- [Collected data]
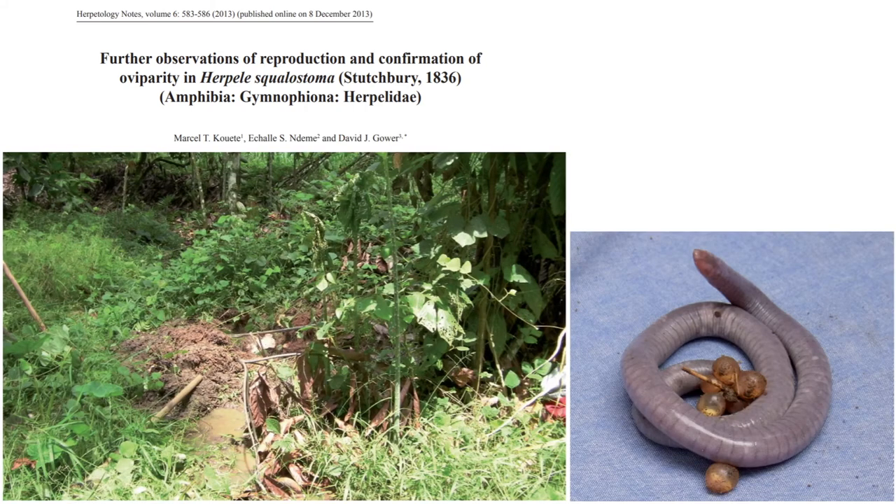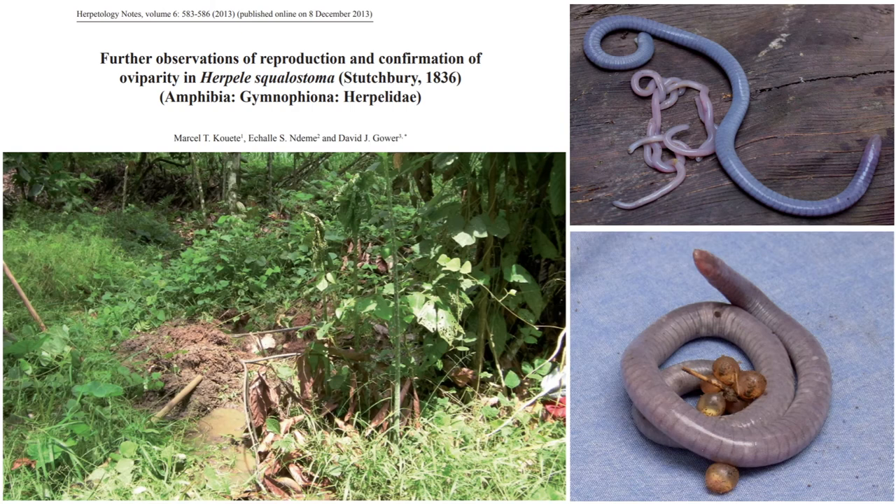A year later, a new paper was published detailing the find of a mother Herpele squalostoma attending a clutch of six eggs. This was the first direct observation of oviparity in this species. This mother and clutch was found approximately 10 cm under the surface, and this provides us with valuable information on what to expect when attempting to breed this species and what kind of provisions they might need.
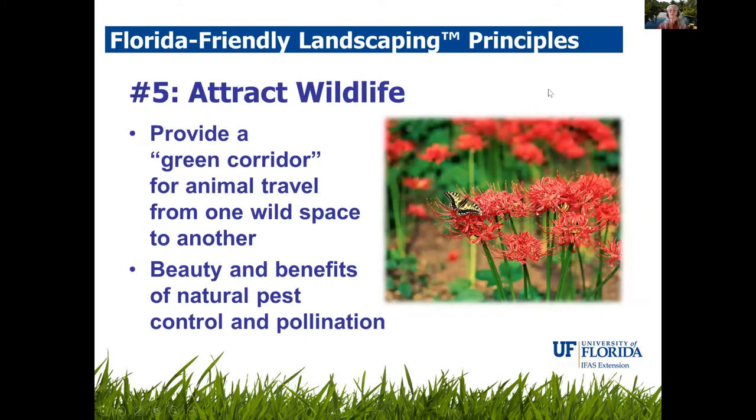The fifth Florida-friendly landscape principle is to attract wildlife. Provide a green corridor; as you plant things, give our pollinators — butterflies, birds, bees — plants they're going to want to visit, drink nectar from, feed from, and build nests among. That'll help your plants with their pollination and their pest control.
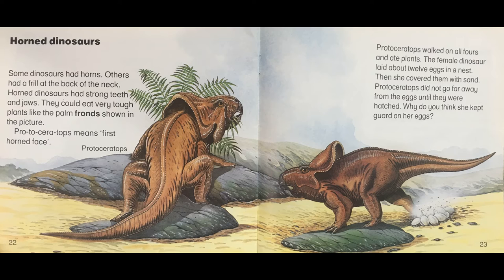Horned dinosaurs. Some dinosaurs had horns. Others had a frill at the back of the neck. Horned dinosaurs had strong teeth and jaws. They could eat very tough plants like palm fronds. Protoceratops means first horned face. Protoceratops walked on all fours and ate plants. The female dinosaur laid about 12 eggs in her nest. Then she covered them with sand. Protoceratops did not go far away from the eggs until they were hatched. Why do you think she kept guard on her eggs?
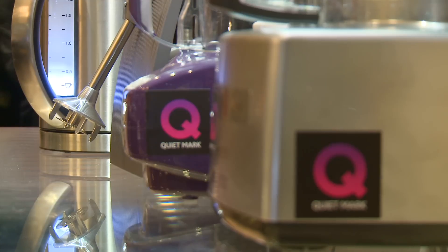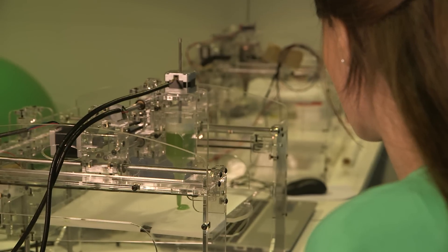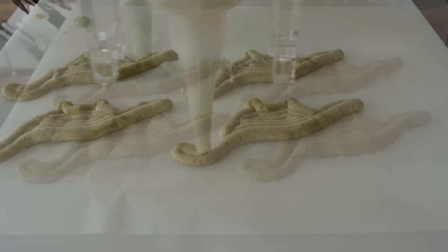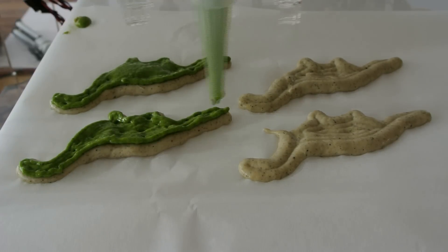If you thought your 9-blade ice-crushing blender was the cutting edge of kitchen tech, meet the new guy on the counter. This is a prototype of the Foudini, a 3D printing kitchen appliance being developed by Barcelona startup Natural Machines.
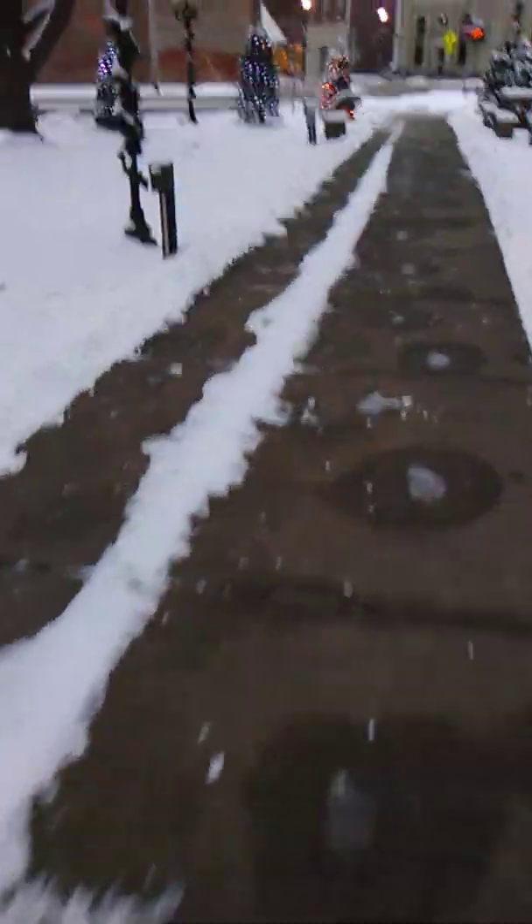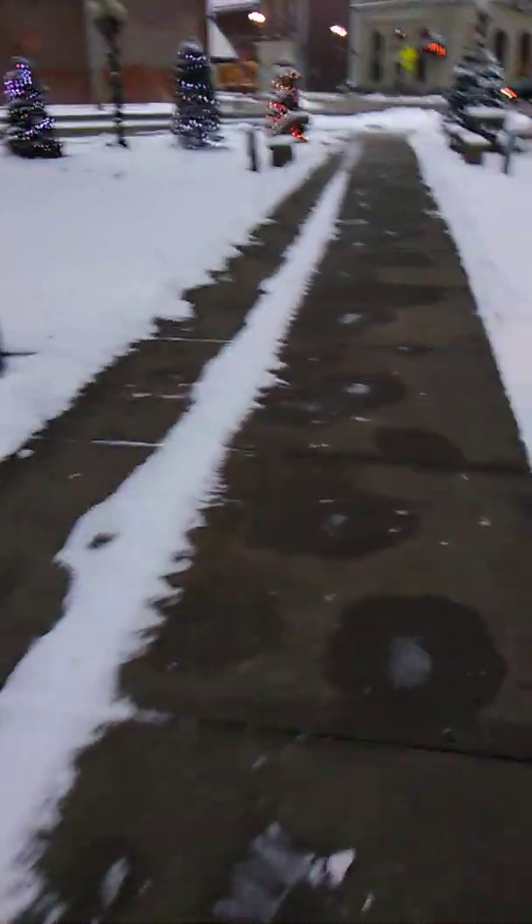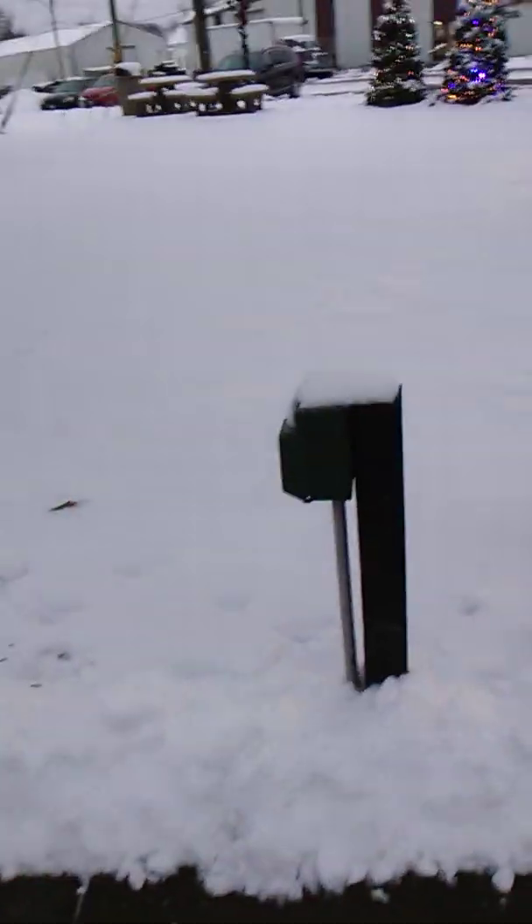They keep the sidewalks well taken care of when it snows, which is good. And then there's these little plug-in boxes all over the park — they're everywhere, which is really nice.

- [ASSIGNMENT] For this exercise, return the records above in full and exactly, omitting the images.

- [EXPECTED OUTPUT]
A year later, a new paper was published detailing the find of a mother Herpele squalostoma attending a clutch of six eggs. This was the first direct observation of oviparity in this species. This mother and clutch was found approximately 10 cm under the surface, and this provides us with valuable information on what to expect when attempting to breed this species and what kind of provisions they might need.
The fifth Florida-friendly landscape principle is to attract wildlife. Provide a green corridor; as you plant things, give our pollinators — butterflies, birds, bees — plants they're going to want to visit, drink nectar from, feed from, and build nests among. That'll help your plants with their pollination and their pest control.
Horned dinosaurs. Some dinosaurs had horns. Others had a frill at the back of the neck. Horned dinosaurs had strong teeth and jaws. They could eat very tough plants like palm fronds. Protoceratops means first horned face. Protoceratops walked on all fours and ate plants. The female dinosaur laid about 12 eggs in her nest. Then she covered them with sand. Protoceratops did not go far away from the eggs until they were hatched. Why do you think she kept guard on her eggs?
If you thought your 9-blade ice-crushing blender was the cutting edge of kitchen tech, meet the new guy on the counter. This is a prototype of the Foudini, a 3D printing kitchen appliance being developed by Barcelona startup Natural Machines.
They keep the sidewalks well taken care of when it snows, which is good. And then there's these little plug-in boxes all over the park — they're everywhere, which is really nice.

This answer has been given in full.